_Assigned task_
Where the listing below has a line with "Coat Rack Wall", write out exactly that line and every line after it, stopping after the line with "newlyweds dance with".

_Input material_
● ● ● ● ● ● ●
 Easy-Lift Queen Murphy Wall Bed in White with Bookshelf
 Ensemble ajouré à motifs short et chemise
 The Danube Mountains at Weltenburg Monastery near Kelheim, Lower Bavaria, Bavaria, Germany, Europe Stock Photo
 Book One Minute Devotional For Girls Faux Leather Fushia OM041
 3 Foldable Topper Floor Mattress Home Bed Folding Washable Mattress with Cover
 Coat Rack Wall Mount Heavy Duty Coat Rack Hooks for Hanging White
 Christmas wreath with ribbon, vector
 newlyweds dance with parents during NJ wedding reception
● ● ● ● ● ● ●
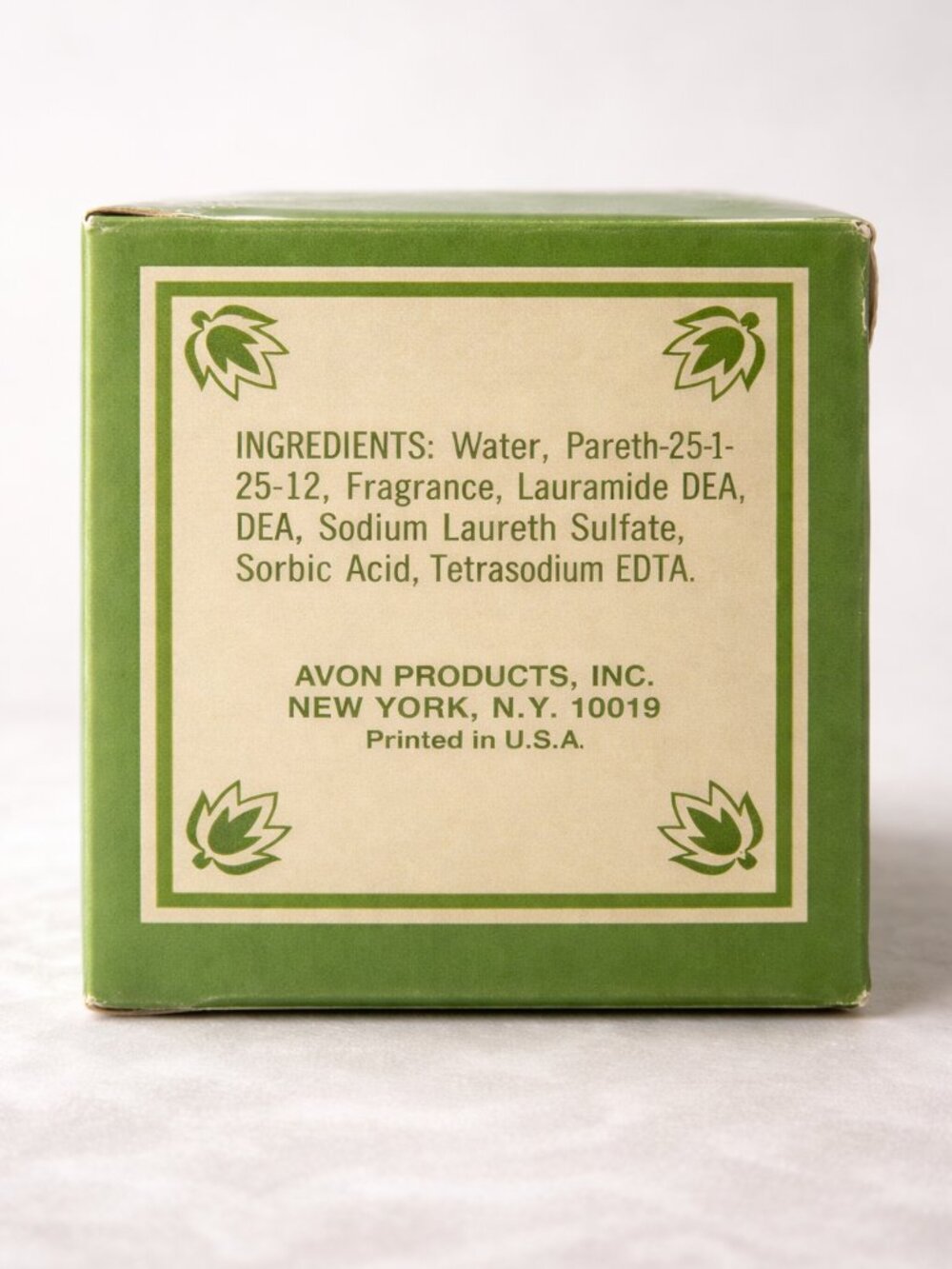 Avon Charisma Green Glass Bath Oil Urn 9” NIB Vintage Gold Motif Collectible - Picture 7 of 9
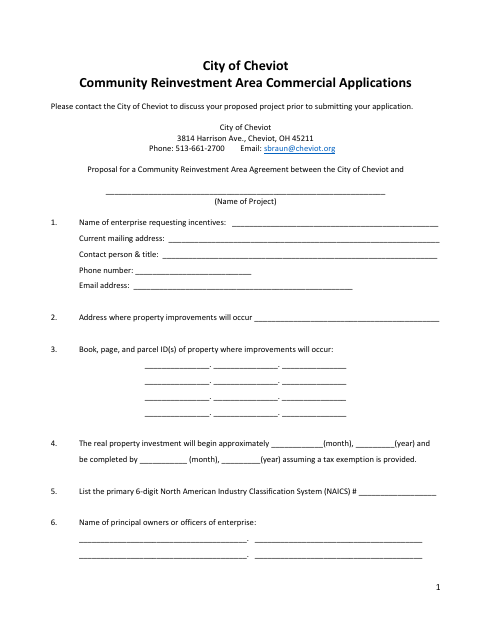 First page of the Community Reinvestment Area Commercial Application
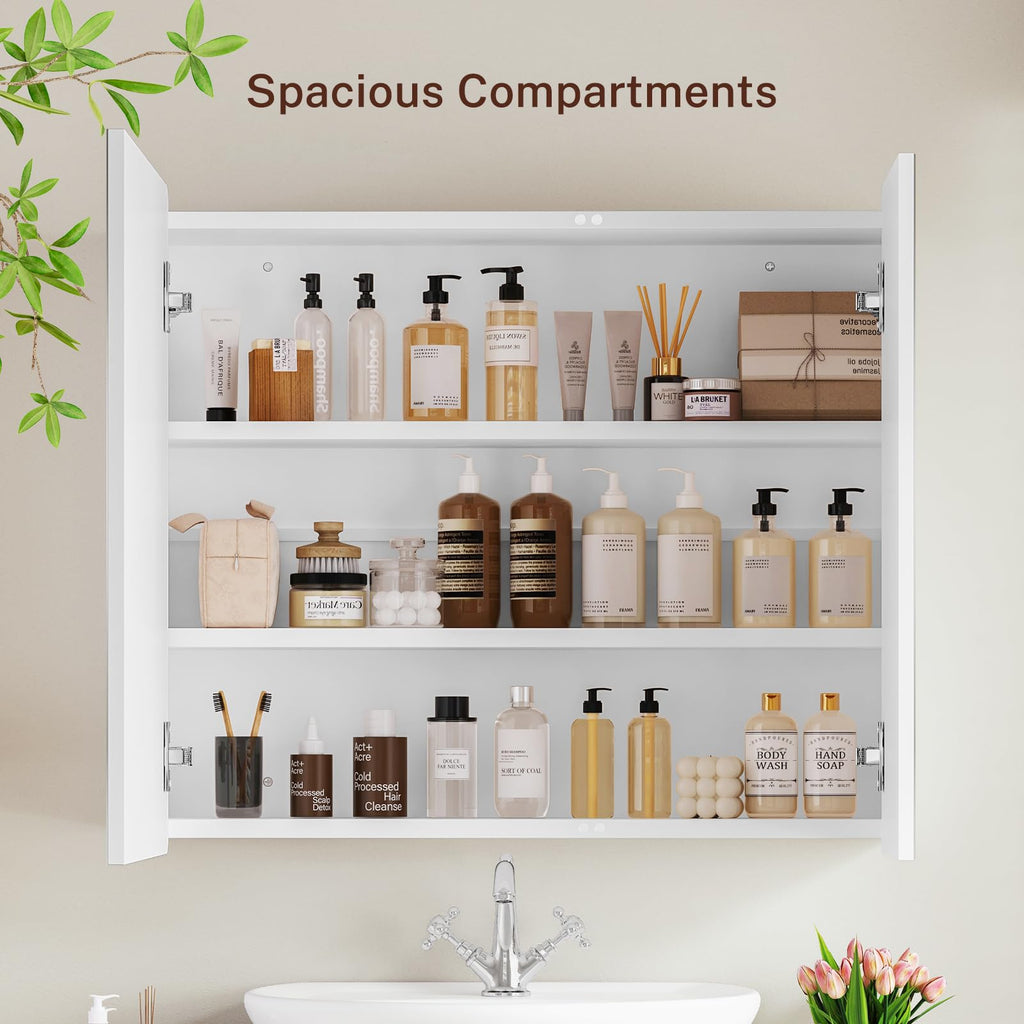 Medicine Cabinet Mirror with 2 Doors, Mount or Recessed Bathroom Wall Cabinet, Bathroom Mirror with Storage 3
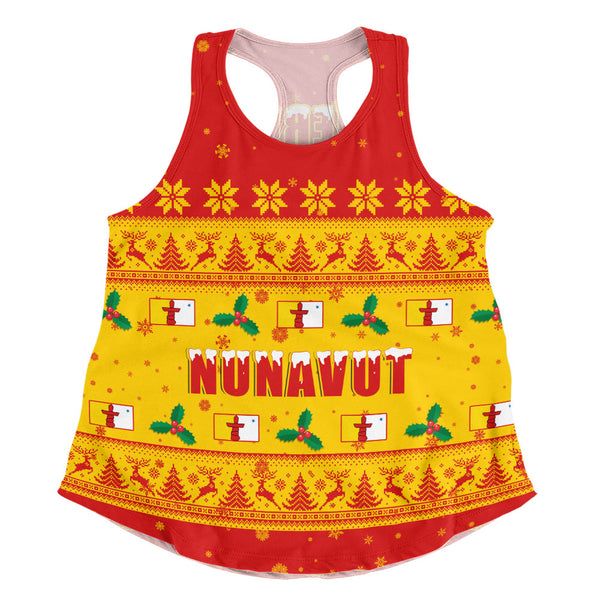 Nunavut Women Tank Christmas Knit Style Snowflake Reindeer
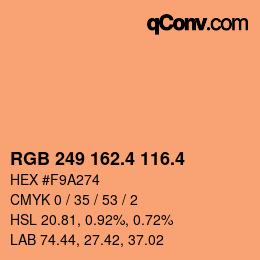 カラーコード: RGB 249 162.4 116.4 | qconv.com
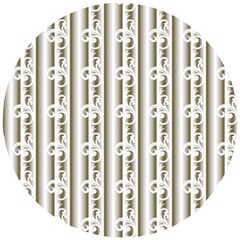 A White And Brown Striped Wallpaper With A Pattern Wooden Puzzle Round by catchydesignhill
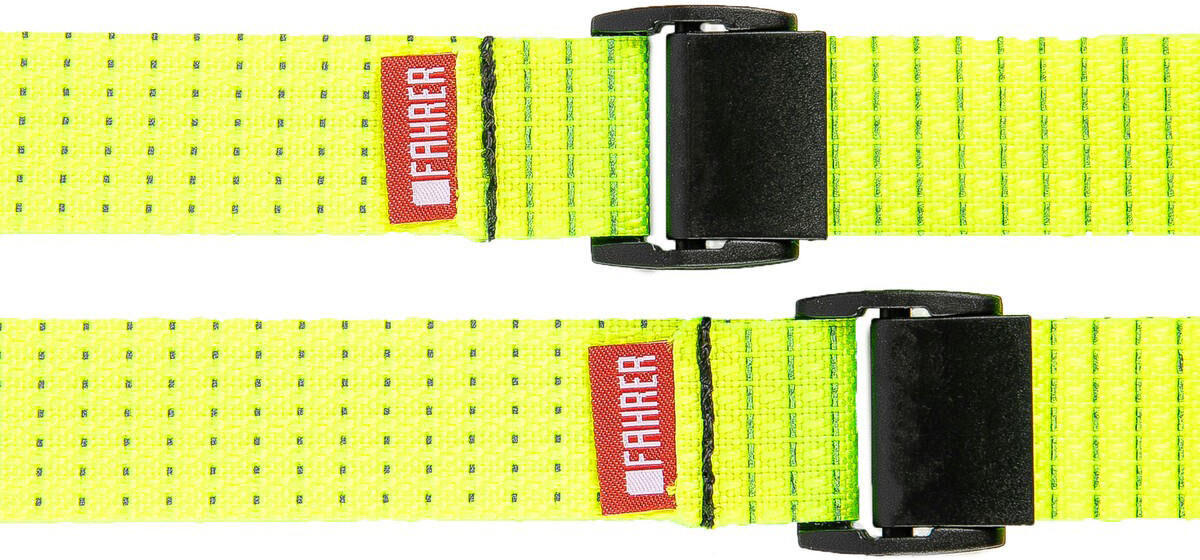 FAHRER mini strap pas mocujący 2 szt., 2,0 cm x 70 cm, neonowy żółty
● ● ● ● ● ● ●
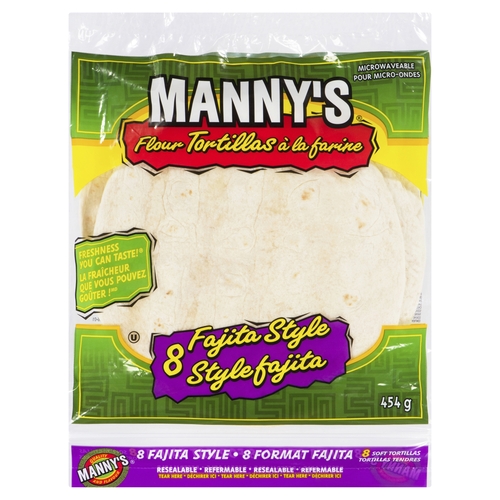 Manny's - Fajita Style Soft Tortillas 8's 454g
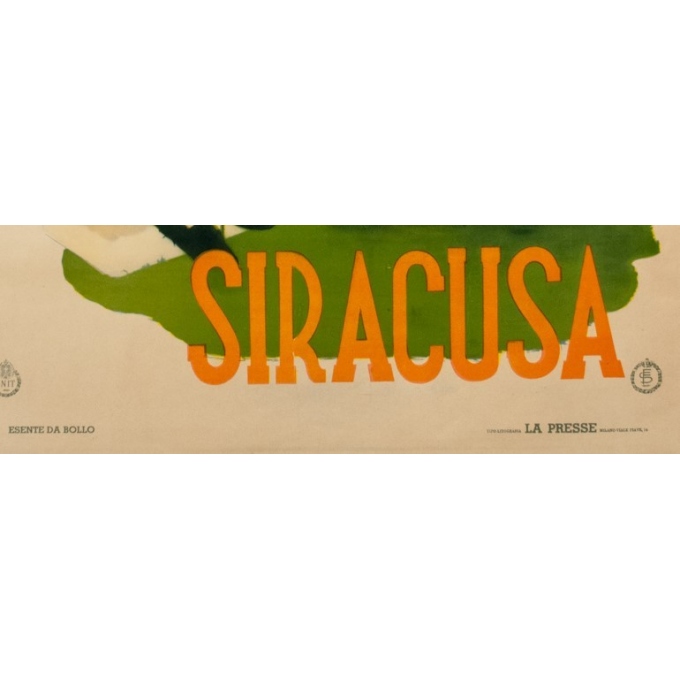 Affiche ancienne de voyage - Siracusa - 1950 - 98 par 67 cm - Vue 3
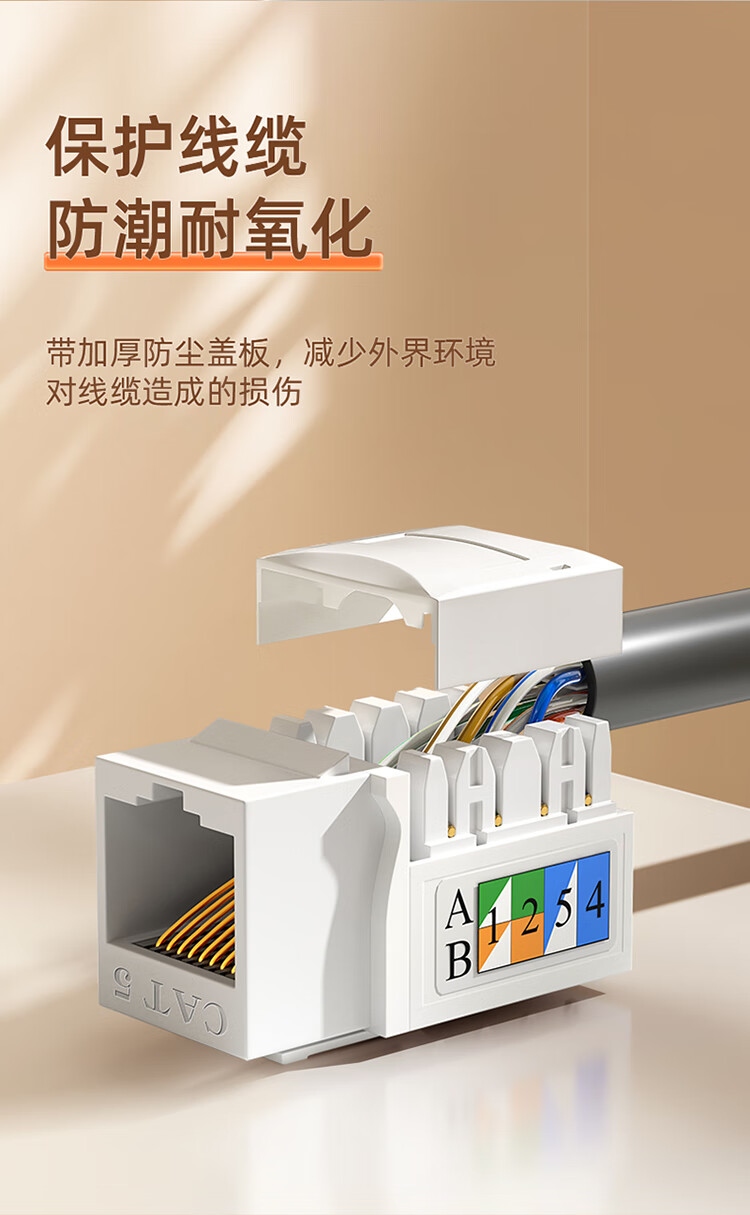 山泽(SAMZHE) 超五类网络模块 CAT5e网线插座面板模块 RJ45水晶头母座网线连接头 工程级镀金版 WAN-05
● ● ● ● ● ● ●
_Exercise result_
 Coat Rack Wall Mount Heavy Duty Coat Rack Hooks for Hanging White
 Christmas wreath with ribbon, vector
 newlyweds dance with parents during NJ wedding reception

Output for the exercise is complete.